How does a winning entity like the U.S. swim team withstand the loss of its two, arguably three, greatest-ever talents and — still — dominate? Still churn out young swimmers the likes of Ledecky and Dressel?
Remember: these two are college kids. It’s like seeing one-and-done’s fully running the NBA.
As Dressel and Ledecky are ever quick to point out, it’s hardly just them:
There’s Chase Kalisz, a Phelps protegé and winner here of the 200-meter and 400 men’s individual medleys, the 400 IM in Sunday night’s second event a work of performance art Phelps himself doubtlessly would have appreciated — a championship-record 4:05.9.
There’s Lilly King, queen of the50- and 100-meter women’s breaststrokes. Her worlds tally, including relays: four golds, four world records. Simone Manuel, winner here in the 100 free, just as at the Olympics last year in Rio, and anchor Sunday night of a world-record U.S. women’s 4x1 medley relay, 3:51.55.
A couple obvious big-picture factors are in play, as in the case of the women’s water polo team:
— Title IX is huge for American women.
— The American way calls for club programs to feed into the NCAA-overseen university system. The NCAA can rightly be called to task for any number of faults. But this must be acknowledged: the NCAA system produces the world’s best swimmers.
There are outliers — for instance, Phelps, who did not go to college.
But pretty much everyone else wants to go to college. Ledecky. Franklin. Almost everyone from anywhere else — someone like American-born Farida Osman, who swims at Cal-Berkeley. She grew up in and swims internationally for in Egypt. On Saturday, she won a bronze medal in the women’s 50-meter butterfly. The Egyptian swim federation has been around since 1907. In all its years, Osman’s medal is its very first in world competition.
These elements — Title IX, the NCAA, world-class athletes and coaches — mean the Americans can withstand the sort of systemic change that might rock another federation. Chuck Wielgus, USA Swimming’s longtime executive director, died in April; the pieces were in place for his successor, Tim Hinchey.
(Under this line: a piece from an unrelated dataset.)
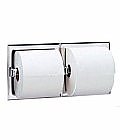 Bobrick B6977.60 Double Toilet Roll Holder Recessed No Hoods Satin Stainless Steel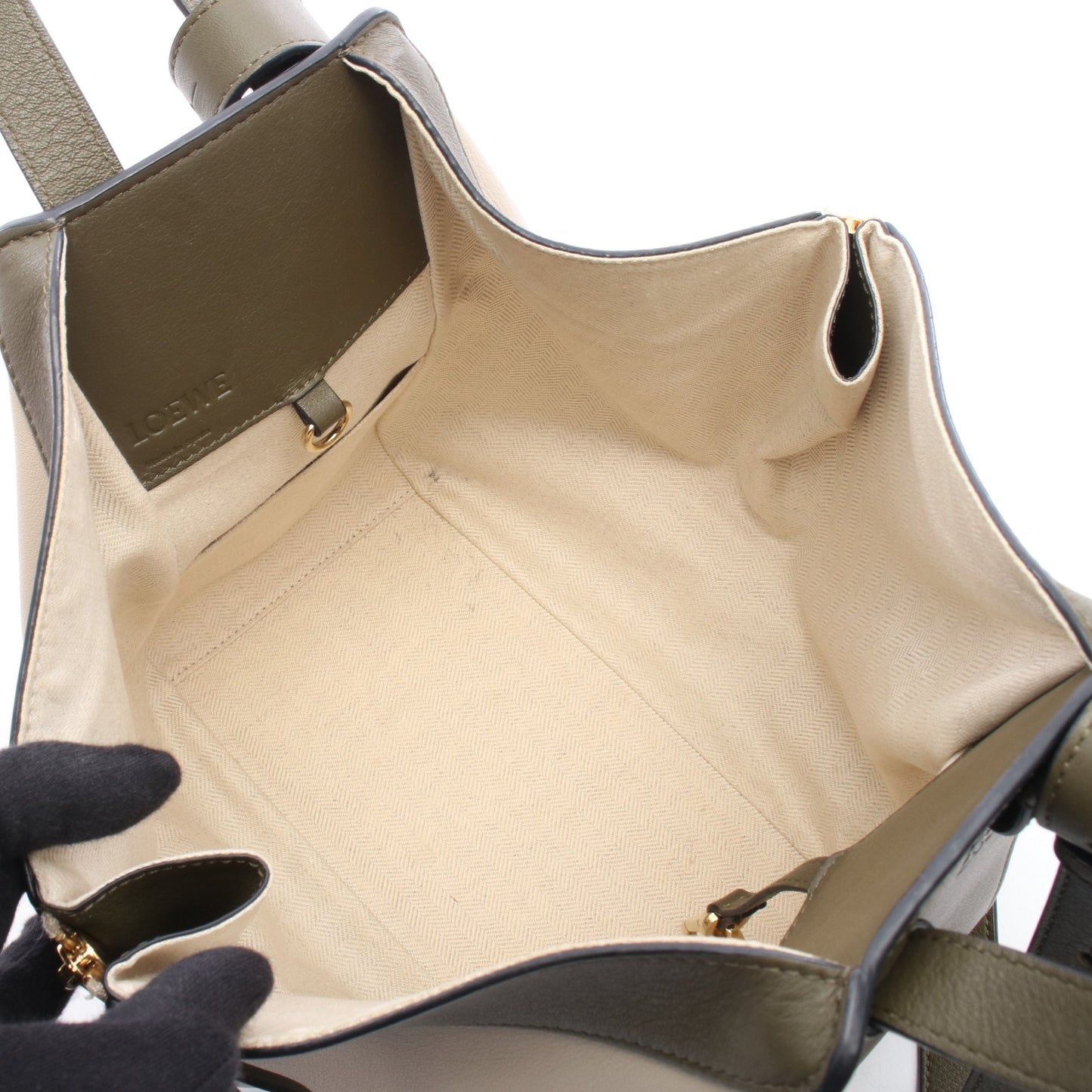 HAMMOCK SMALL ハンモック スモール 2WAY ハンドバッグ レザー カーキグリーン ベージュ ロエベ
There’s more change yet to come. Frank Busch, the team’s long-serving national team director, announced in January he will step down from the position Sept. 1. These worlds were thus the last at which his calming — but forceful — presence will anchor the team.
To be clear: USA Swimming is the farthest thing from perfect. All you have to do is read the headlines to grasp just some of the complexities and controversies it has confronted.
When it comes to racing, meantime, the big change can perhaps be summed up in a three-step progression. Across the United States, an entire generation of kids has seen Phelps swim. They see world records fall. They ask, why not me?
Of course, a significant question in the background, looking toward 2020 — as it has been since the day he announced his first retirement, after London in 2012 — is Phelps.
The man says he is done.
Having heard this before, maybe it will even prove true: Phelps is in a totally different place mentally and emotionally than before (married, father of a son, having done the hard and rewarding work of rehab and seemingly gotten himself right).
As 2013, post-London, was Year One in the run to Rio 2016, so 2017 is Year One to Tokyo in 2020. At the 2013 world championships in Barcelona, Phelps did not swim. But he was there, physically — not to swim, but for a sponsor appearance and, his foot in a walking boot — and emotionally, too, from the stands texting longtime coach Bob Bowman his thoughts on the U.S. team’s disappointing performance in the men’s 4x1 free relay.
Budapest? Phelps? Not here. Worried? What?
At the same time, consider: Phelps’ winning time in Rio in the 200-meter individual medley would have won here by a full second. He is one of the most competitive human beings ever. At some point, does that competitive streak kick in, again?
It’s not like you can’t swim and win in your mid-30s. Phelps is now 32, would be 36 in 2020; at 35, Anthony Ervin won gold in Rio in the 50-meter freestyle. Here in Budapest, 37-year-old Nicholas Santos of Brazil became the oldest-ever to win a world championships medal when he went 22.79 for silver in the 50 fly.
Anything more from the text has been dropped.